Source material:
⟨

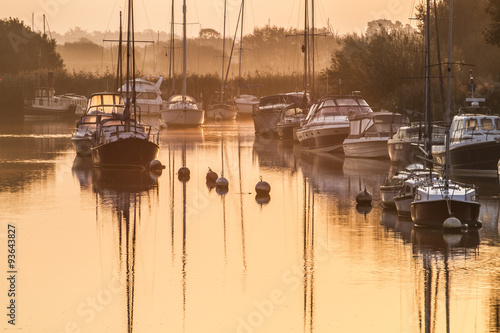 Tapeta ścienna na wymiar boats moored in river at sunrise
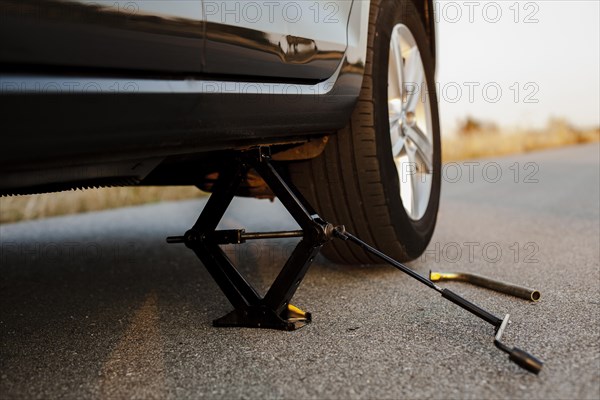 Black car lifted up by jack screw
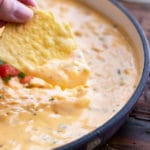 Chip with plenty of queso dip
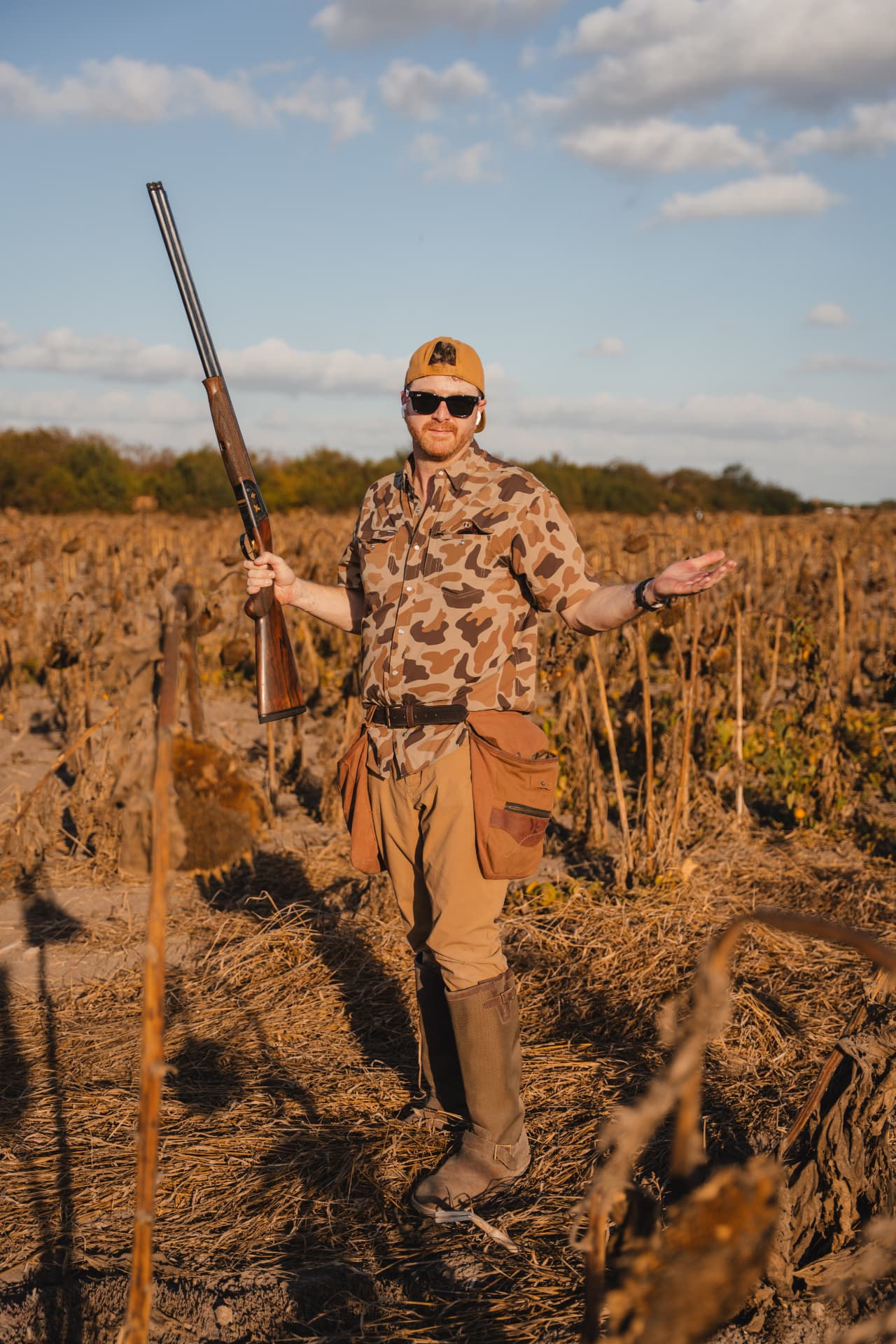 Hunter in retro camo standing in the sunflower field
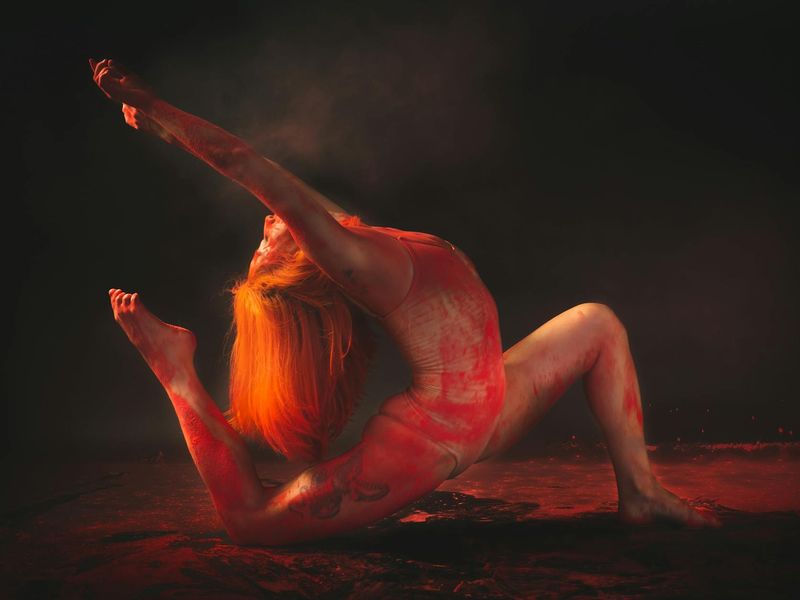 Person performing a flowing yoga sequence against dark wall
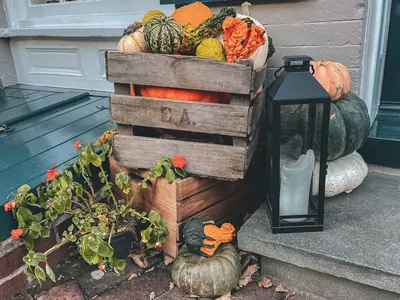A wooden crate of small pumpkins and gourds next to a lantern on the doorstep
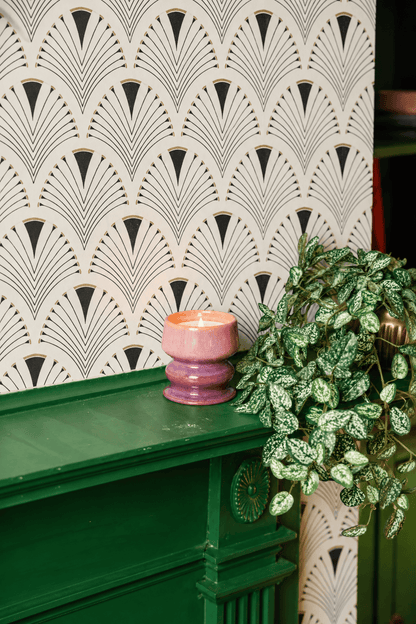A glowing Wild Fig & Cedar - Melt 8.5 oz Candle in a pink holder rests on a green mantel beside a leafy potted plant, with art deco-style wallpaper providing the backdrop.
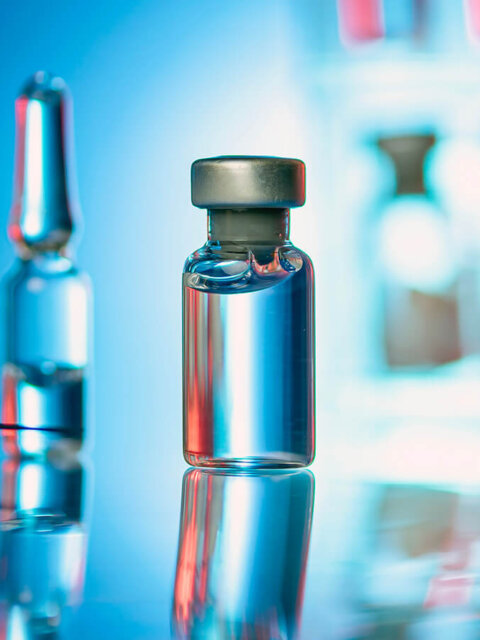 Close up shot of glass bottles, ampules and syringe with needle.
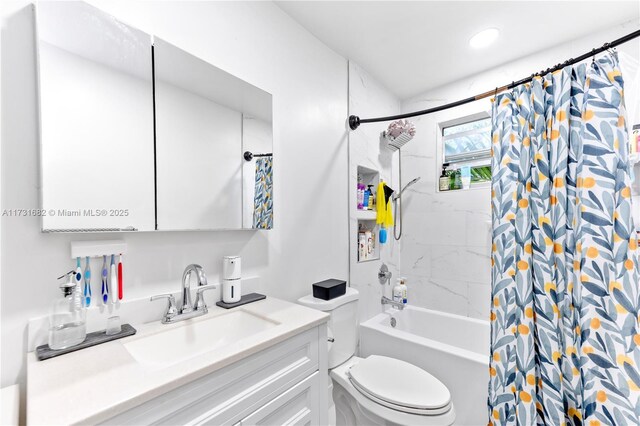 full bathroom with vanity, shower / bathtub combination with curtain, and toilet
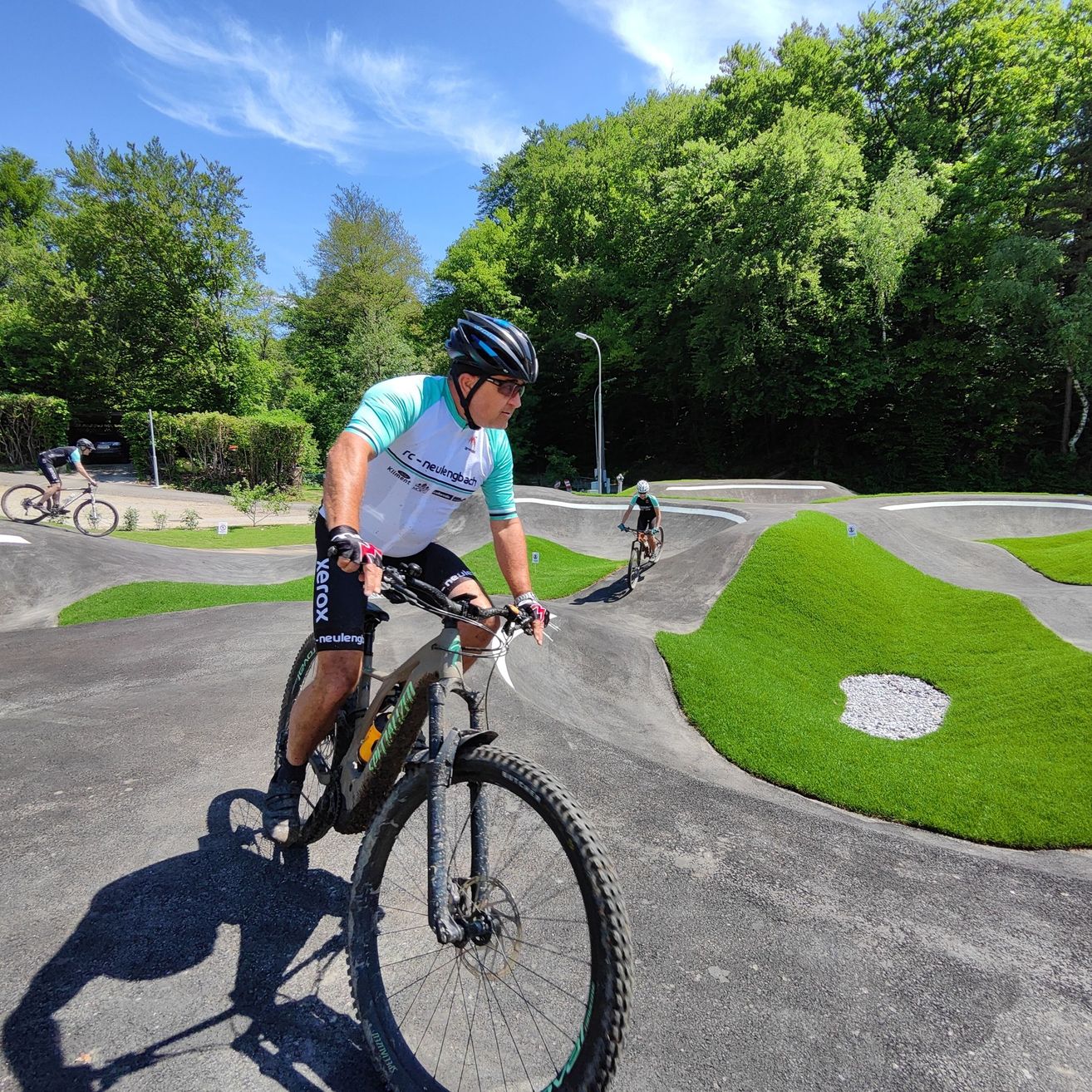 Zwei Männer fahren an einem sonnigen Tag auf einer Strecke mit Gras und Bäumen Fahrrad.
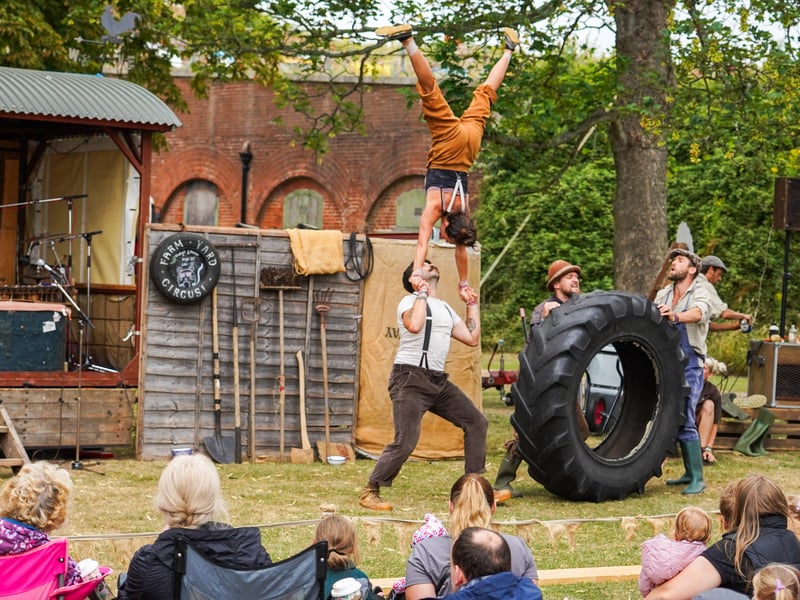 Kirstie being held upside down at the Festival at Fort Brockhurst in Gosport. Pictured is Ben Walker, Kirstie Eggington, Harry Clements and Jack Clements. Pictured by Alec Chapman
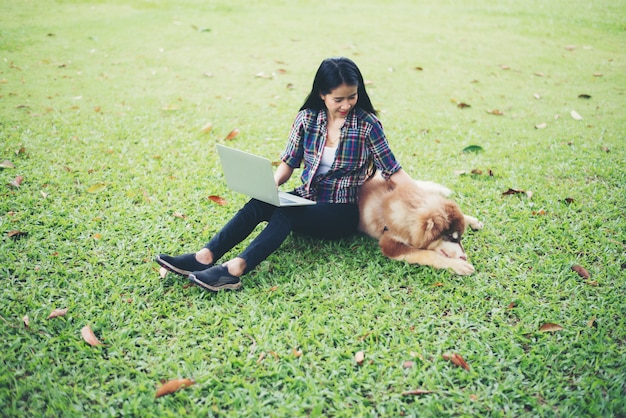 Beautiful young woman using laptop with her little dog in a park outdoors. Lifestyle. 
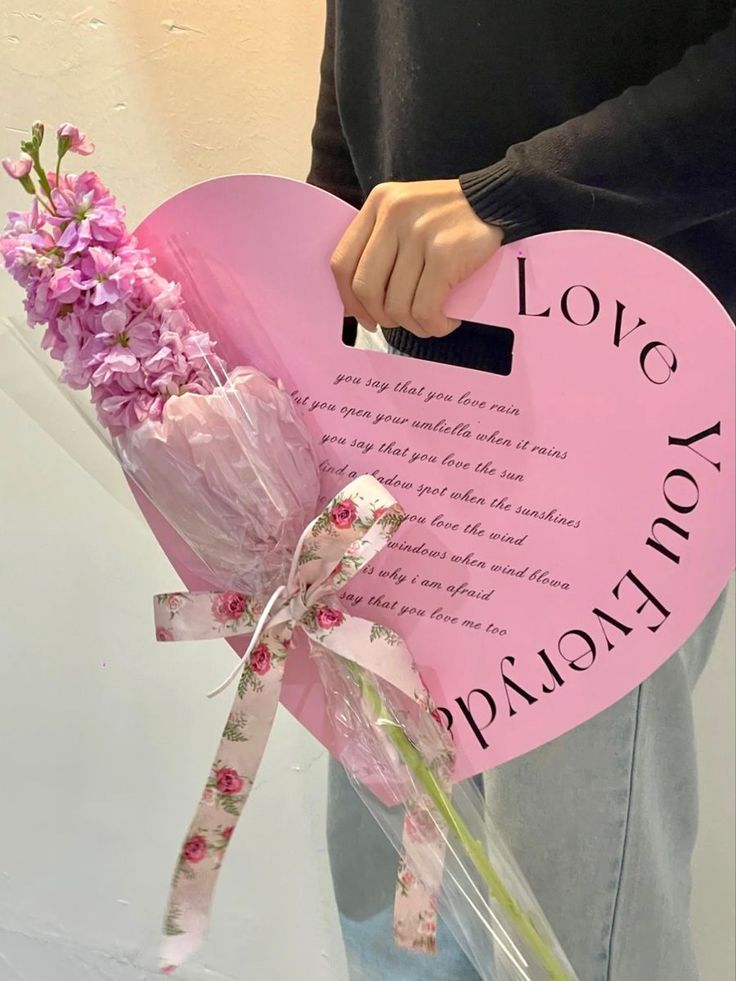 a person holding a pink heart shaped sign with flowers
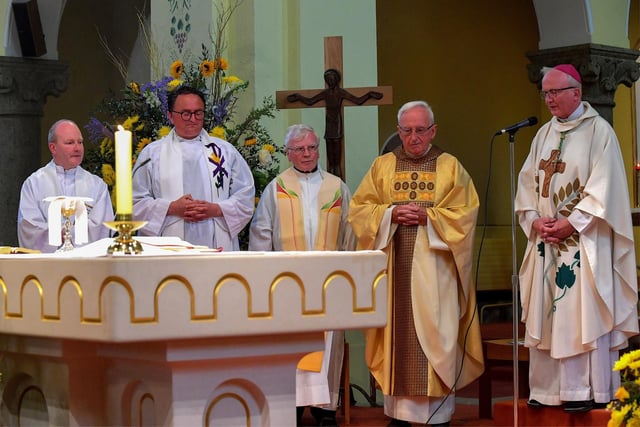 The Bishop of Derry, the Most Reverend Dr Donal McKeown and visiting priest pictured with Fr Con McLaughlin at a Mass to celebrate Fr McLaughlin’s Golden Jubilee in the priesthood, held at the Church of the Sacred Heart, Carndonagh, on Saturday evening. Photo: George Sweeney. DER2323GS – 160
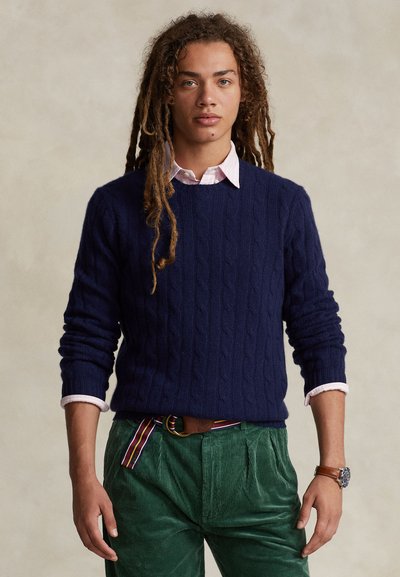 Μπλε πουλόβερ με πλέξη καλώδιο και στρογγυλή λαιμόκοψη, φορεμένο πάνω από ένα ανοιχτό ροζ πουκάμισο με γιακά. Πράσινο παντελόνι κοτλέ και καφέ ζώνη με λεπτομέρειες.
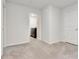 Neutral bedroom with gray carpet and white walls shows door and closet with washer and dryer at 7730 Demeter Dr, Fairburn, GA 30213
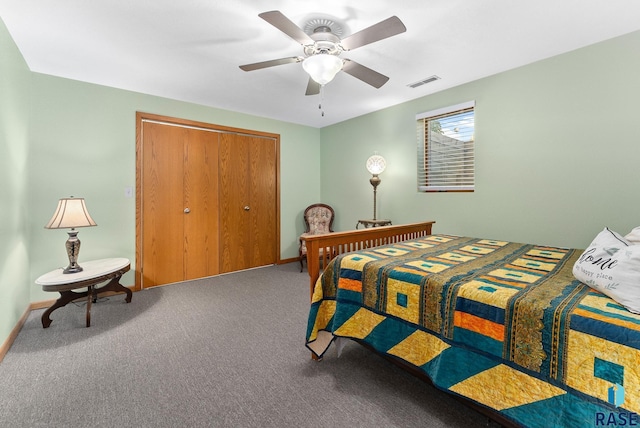 bedroom with baseboards, visible vents, carpet floors, ceiling fan, and a closet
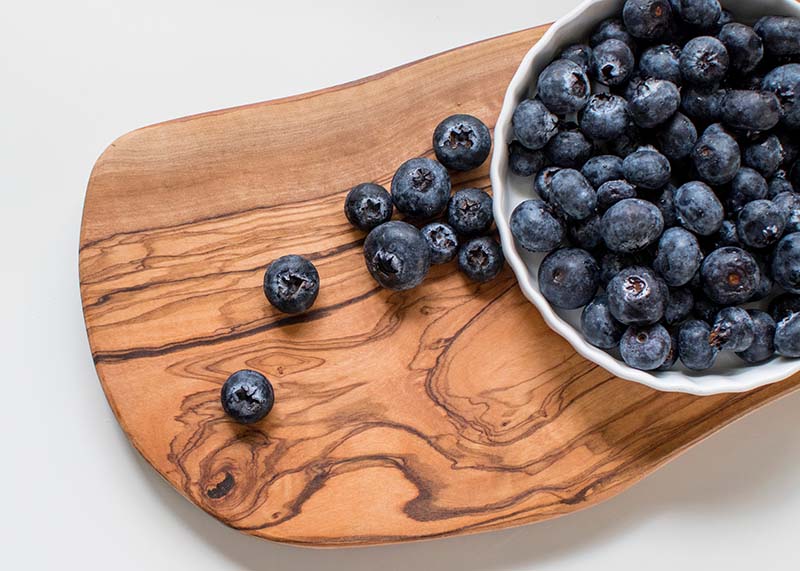 A white bowl of blueberries spilling out onto a wooden cutting board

⟩

Task brief: Your copy should hold only the lines above from the one containing "Chip with plenty of queso dip" through the one containing "full bathroom with", exactly as written and free of pictures.

Output for this exercise:
 Chip with plenty of queso dip
 Hunter in retro camo standing in the sunflower field
 Person performing a flowing yoga sequence against dark wall
A wooden crate of small pumpkins and gourds next to a lantern on the doorstep
A glowing Wild Fig & Cedar - Melt 8.5 oz Candle in a pink holder rests on a green mantel beside a leafy potted plant, with art deco-style wallpaper providing the backdrop.
 Close up shot of glass bottles, ampules and syringe with needle.
 full bathroom with vanity, shower / bathtub combination with curtain, and toilet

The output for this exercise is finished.